Liquid penetrant testing (LPT) is one of the most widely used non-destructive testing methods. LPT is based on capillarity or capillary attraction, where a liquid is able to flow into narrow spaces without the assistance of – or even in opposition to – external forces such as gravity. The materials processes and procedures used in liquid penetrant testing are designed to make the results of this capillary action visible and capable of interpretation. Liquid penetrant testing is an effective means of locating and determining the severity of surface discontinuities in materials, including those that are not visible to the naked eye.
NDT penetrant testing includes fluorescent dye penetrant, which is typically green and uses a white developer to draw the dye back to the surface from inside the discontinuities by 'wicking' or capillary action.

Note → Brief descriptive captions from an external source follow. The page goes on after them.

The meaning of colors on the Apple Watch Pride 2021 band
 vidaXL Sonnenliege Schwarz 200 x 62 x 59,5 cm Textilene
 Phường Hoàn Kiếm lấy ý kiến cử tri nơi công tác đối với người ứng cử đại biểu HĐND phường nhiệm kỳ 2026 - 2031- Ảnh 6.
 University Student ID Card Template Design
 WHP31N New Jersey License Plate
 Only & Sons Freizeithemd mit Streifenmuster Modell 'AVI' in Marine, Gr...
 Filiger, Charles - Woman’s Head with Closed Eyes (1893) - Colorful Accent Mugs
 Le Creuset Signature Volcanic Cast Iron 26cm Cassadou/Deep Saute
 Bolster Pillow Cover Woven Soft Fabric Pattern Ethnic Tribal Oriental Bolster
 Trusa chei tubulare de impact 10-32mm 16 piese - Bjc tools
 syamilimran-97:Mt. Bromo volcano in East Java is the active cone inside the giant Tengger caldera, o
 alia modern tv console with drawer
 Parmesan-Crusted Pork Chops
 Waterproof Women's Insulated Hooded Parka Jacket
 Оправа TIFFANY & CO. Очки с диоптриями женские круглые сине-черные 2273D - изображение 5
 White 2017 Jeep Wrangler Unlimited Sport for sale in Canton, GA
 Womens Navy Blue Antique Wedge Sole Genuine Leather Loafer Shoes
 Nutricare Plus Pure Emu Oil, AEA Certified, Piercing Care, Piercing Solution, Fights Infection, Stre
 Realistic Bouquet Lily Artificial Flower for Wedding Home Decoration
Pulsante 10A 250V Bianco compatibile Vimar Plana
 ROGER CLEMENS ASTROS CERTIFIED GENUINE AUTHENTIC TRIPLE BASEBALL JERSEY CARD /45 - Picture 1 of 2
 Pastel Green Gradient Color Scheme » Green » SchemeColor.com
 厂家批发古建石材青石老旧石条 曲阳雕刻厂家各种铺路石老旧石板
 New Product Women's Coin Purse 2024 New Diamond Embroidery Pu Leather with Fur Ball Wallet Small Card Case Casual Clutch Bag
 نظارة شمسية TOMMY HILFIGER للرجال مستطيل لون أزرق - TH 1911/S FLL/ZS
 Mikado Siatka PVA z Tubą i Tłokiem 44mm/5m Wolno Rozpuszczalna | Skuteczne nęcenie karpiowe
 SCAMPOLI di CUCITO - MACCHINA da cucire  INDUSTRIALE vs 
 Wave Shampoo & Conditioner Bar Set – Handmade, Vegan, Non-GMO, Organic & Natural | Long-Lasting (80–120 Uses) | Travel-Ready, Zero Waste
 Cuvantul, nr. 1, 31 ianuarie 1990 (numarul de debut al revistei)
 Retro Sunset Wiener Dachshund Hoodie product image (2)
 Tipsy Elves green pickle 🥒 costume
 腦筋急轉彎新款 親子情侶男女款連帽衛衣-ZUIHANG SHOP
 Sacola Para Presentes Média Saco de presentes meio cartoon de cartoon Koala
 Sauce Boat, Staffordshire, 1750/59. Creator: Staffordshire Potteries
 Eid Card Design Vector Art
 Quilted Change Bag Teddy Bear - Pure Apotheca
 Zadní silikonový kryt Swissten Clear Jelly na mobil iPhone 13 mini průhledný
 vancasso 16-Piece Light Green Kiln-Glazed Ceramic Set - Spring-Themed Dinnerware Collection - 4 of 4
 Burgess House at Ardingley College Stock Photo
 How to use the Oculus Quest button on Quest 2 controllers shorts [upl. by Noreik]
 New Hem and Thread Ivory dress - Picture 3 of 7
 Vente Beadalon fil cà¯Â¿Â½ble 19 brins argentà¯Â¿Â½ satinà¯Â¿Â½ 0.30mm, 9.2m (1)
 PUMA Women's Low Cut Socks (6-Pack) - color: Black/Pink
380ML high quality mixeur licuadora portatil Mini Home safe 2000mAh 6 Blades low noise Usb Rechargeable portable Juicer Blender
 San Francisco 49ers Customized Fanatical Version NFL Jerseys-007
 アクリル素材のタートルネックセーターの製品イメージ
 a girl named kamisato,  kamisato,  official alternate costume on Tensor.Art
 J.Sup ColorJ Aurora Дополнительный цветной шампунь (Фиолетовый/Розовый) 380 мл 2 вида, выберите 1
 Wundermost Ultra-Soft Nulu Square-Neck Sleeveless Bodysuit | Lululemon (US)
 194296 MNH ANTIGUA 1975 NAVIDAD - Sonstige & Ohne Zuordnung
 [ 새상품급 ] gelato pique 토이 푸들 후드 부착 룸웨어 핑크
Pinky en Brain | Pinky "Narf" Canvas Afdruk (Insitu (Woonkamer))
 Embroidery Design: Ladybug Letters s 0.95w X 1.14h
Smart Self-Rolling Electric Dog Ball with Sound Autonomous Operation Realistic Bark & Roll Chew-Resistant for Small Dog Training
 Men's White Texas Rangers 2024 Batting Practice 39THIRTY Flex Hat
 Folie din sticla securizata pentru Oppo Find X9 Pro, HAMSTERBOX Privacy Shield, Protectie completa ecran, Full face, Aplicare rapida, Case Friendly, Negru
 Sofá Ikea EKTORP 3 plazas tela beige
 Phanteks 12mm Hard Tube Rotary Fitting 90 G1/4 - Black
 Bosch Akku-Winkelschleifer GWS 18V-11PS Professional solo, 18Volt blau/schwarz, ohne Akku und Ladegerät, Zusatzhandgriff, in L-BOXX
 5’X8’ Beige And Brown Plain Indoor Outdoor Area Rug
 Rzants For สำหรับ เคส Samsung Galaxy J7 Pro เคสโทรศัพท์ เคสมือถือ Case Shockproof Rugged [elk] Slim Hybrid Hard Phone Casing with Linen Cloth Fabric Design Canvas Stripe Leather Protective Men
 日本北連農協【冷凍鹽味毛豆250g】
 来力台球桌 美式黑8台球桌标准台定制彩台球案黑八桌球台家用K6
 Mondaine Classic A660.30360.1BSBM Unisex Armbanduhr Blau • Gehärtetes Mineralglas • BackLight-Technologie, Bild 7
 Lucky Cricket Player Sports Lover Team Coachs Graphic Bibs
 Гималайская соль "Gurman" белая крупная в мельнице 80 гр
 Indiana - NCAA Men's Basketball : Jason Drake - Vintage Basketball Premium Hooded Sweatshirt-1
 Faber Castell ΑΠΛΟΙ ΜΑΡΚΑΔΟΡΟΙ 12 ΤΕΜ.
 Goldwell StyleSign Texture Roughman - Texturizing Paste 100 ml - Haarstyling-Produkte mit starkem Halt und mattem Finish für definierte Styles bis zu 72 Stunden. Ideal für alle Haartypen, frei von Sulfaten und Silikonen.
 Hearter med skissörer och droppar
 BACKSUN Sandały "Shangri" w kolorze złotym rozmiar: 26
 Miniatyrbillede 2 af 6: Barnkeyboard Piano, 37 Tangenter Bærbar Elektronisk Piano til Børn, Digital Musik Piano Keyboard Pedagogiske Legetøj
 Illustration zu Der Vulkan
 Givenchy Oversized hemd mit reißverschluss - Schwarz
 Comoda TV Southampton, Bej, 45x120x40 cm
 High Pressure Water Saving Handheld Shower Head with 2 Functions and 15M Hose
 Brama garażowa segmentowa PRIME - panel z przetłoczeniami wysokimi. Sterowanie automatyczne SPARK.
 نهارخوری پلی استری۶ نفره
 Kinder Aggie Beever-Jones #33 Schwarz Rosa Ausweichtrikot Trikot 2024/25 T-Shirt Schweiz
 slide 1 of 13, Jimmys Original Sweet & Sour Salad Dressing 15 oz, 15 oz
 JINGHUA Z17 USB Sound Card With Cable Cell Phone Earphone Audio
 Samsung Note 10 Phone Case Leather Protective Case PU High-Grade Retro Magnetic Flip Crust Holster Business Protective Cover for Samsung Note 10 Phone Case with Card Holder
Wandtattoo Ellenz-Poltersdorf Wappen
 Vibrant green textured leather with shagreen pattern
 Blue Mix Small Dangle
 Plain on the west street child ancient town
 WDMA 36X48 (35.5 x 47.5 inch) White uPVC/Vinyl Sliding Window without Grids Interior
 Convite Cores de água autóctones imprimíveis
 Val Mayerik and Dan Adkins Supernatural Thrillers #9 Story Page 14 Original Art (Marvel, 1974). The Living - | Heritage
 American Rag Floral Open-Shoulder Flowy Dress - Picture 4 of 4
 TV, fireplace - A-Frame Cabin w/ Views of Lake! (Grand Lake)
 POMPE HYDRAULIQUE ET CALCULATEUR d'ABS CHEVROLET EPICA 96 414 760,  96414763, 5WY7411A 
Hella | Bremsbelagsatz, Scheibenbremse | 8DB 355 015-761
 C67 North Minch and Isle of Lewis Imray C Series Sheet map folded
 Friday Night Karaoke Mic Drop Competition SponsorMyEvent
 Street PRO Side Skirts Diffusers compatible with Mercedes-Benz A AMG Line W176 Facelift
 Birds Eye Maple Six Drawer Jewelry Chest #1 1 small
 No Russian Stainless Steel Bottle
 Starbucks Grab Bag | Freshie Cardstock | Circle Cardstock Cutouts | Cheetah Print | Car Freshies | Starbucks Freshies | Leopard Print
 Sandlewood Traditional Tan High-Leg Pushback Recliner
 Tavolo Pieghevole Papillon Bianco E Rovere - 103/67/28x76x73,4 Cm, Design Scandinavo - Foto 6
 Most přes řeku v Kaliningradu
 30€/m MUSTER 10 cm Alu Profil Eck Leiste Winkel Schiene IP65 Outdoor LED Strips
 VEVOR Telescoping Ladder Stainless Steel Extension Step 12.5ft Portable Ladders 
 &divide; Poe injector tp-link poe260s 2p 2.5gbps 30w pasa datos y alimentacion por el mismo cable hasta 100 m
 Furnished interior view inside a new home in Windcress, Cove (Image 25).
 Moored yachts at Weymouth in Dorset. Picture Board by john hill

The fluorescent penetrant is characterised by its ability to emit visible radiation when excited by UV-A light and may be used on a variety of materials. Fluorescent penetrant is typically more sensitive than visible dye and is ranked into 4 levels of sensitivity. It does, however, require special lighting conditions: NDT penetrant technicians must have UV-A lamps, blackout shades and power generators in the field. Fluorescent-dye testing is easily performed under laboratory conditions.
Visible dye penetrant is a method of NDT penetrant testing, which is typically red and uses a white developer to draw the dye back to the surface from inside the discontinuities by 'wicking' or capillary action. This is often referred to as the 'colour contrast' method. The colour contrast created in the dye penetration test is highly visible under natural light and may be used on a variety of materials. It is generally not as sensitive to very small discontinuities as the fluorescent penetrant testing method. However, it does not require special lighting conditions, therefore NDT technicians do not have to carry UV-A Lamps, blackout shades or power generators.